Quote, word for word, the line containing "SHL 2023/2024 - Sida" and all lines that follow it to the end of the records, with no pictures.

Crawled caption data:
==*==

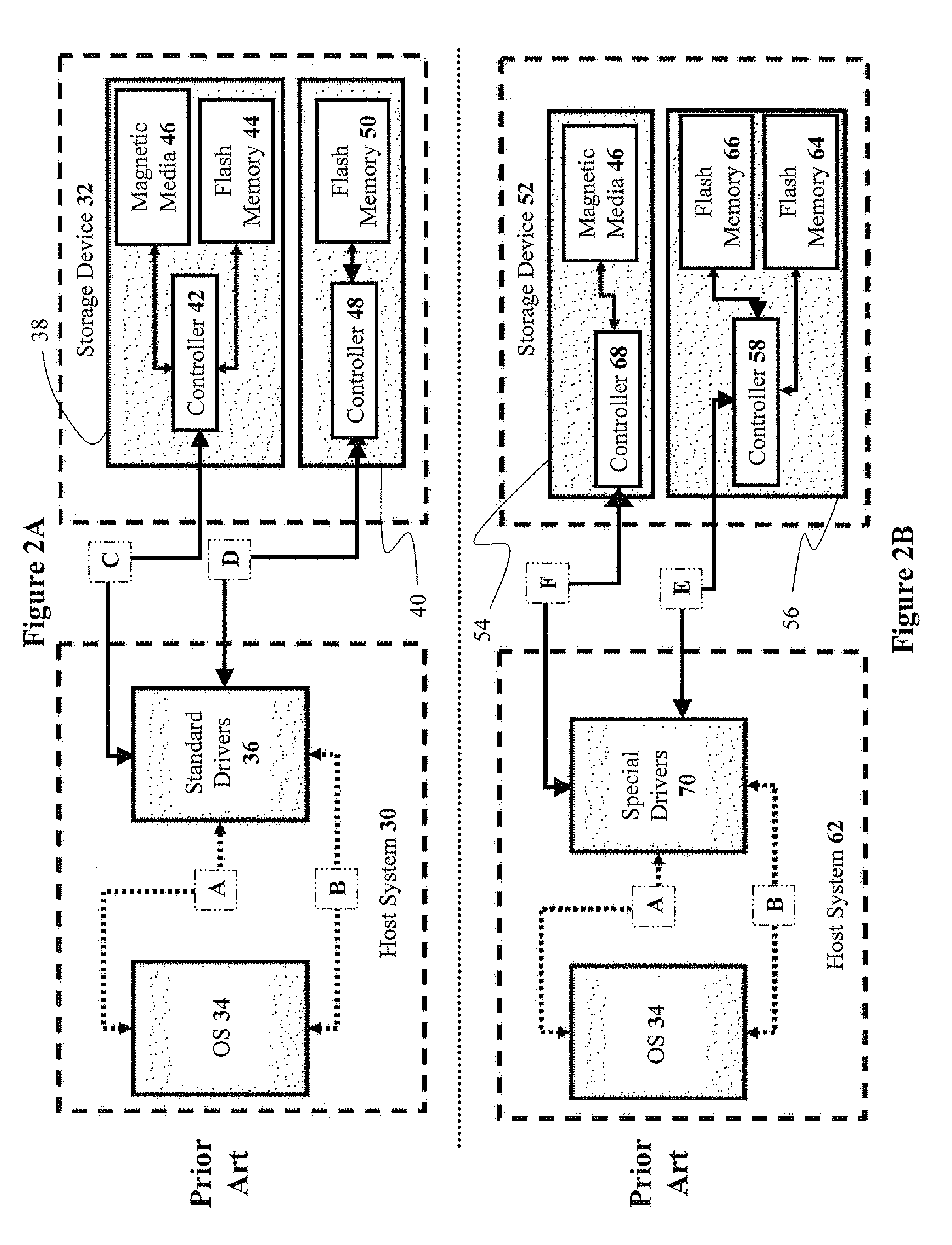 Systems For Supporting Readydrive And Readyboost Accelerators In A Single Flash-Memory Storage Device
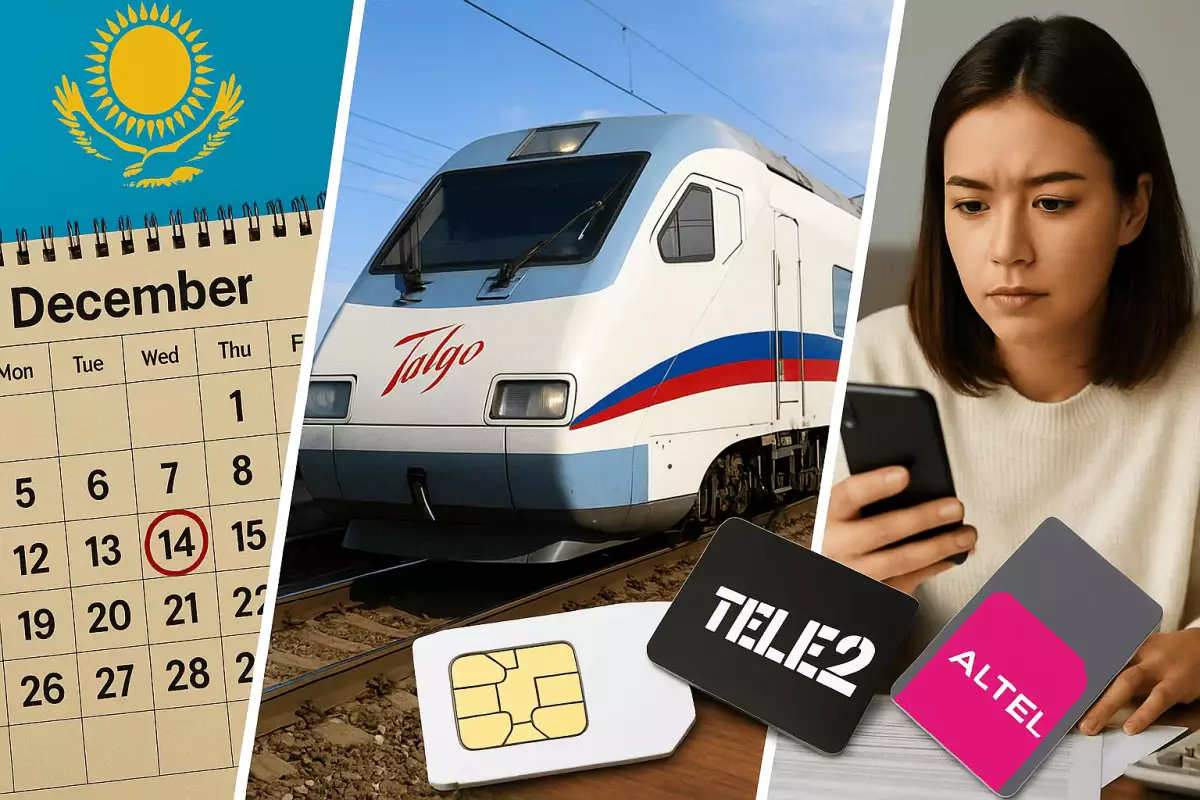 Что ждет казахстанцев в декабре - обзор Finratings.kz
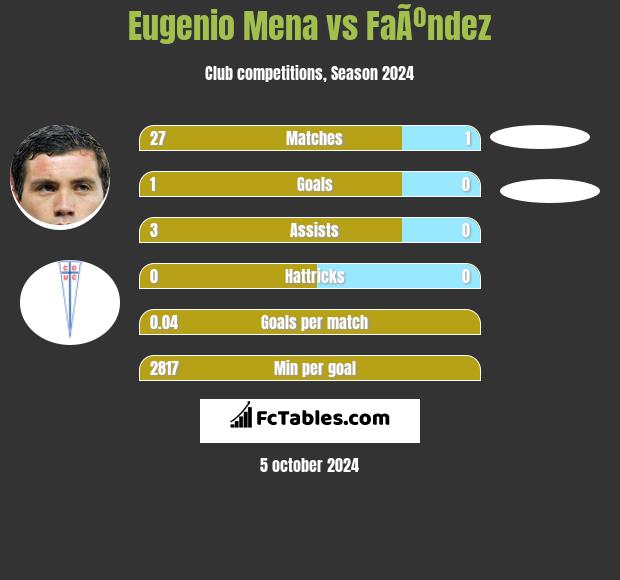 Eugenio Mena vs FaÃºndez h2h player stats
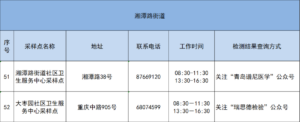 核酸检测为何要男女分开？青岛回应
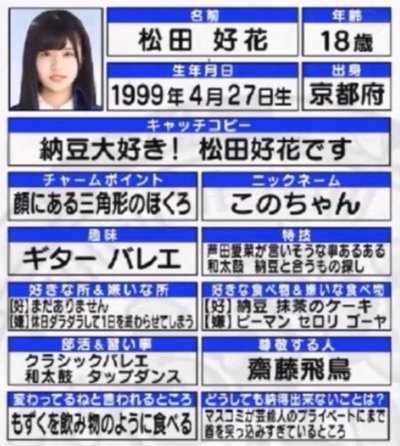 松田好花（日向坂46）と齋藤飛鳥（乃木坂46）④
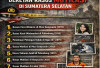  WAW! 7 Kasus Mutilasi di Sumsel, Nomor Terakhir Paling Menyesakkan Dada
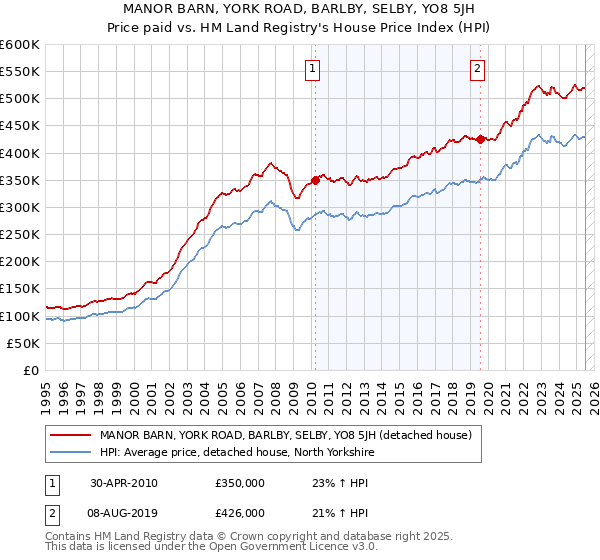 MANOR BARN, YORK ROAD, BARLBY, SELBY, YO8 5JH: Price paid vs HM Land Registry's House Price Index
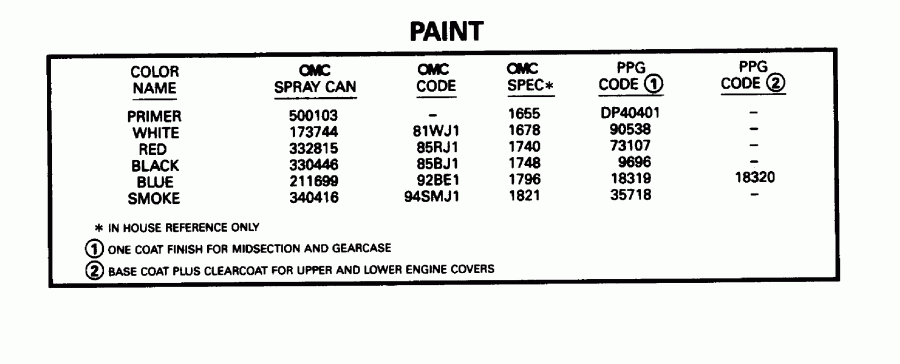  EVINRUDE E90TLEDA 1996  - int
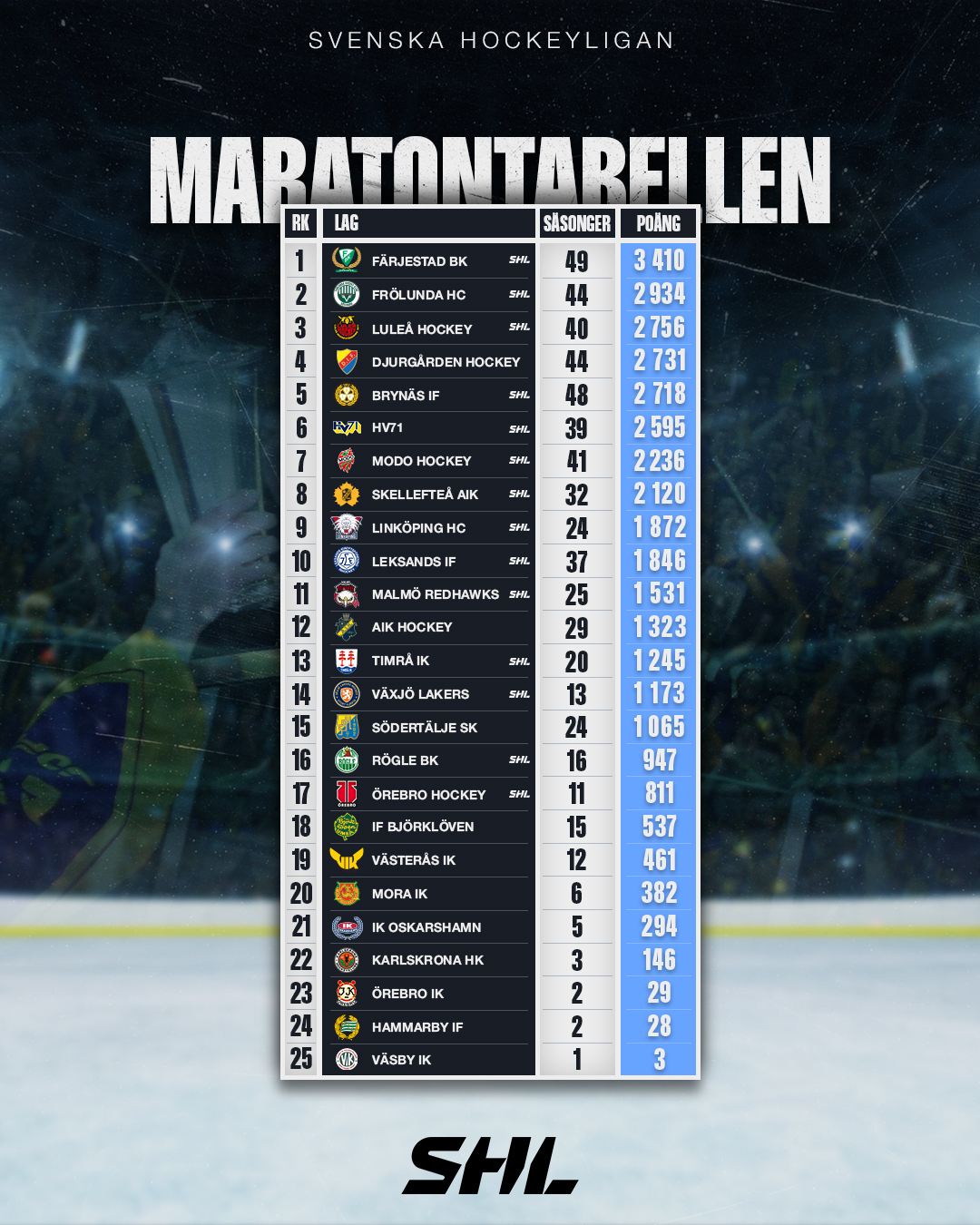 SHL 2023/2024 - Sida 3 GNT1UfeXsAAg7Tz?format=jpg&name=large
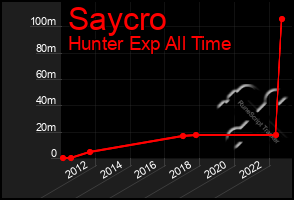 Total Graph of Saycro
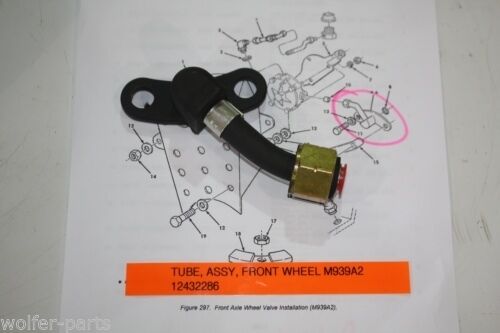 TUBE , FRONT AXLE CTIS WHEEL VALVE ; M939A2 ; 4710-01-279-3159 12432286 20510714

==*==

### [Task answer]
 SHL 2023/2024 - Sida 3 GNT1UfeXsAAg7Tz?format=jpg&name=large
 Total Graph of Saycro
 TUBE , FRONT AXLE CTIS WHEEL VALVE ; M939A2 ; 4710-01-279-3159 12432286 20510714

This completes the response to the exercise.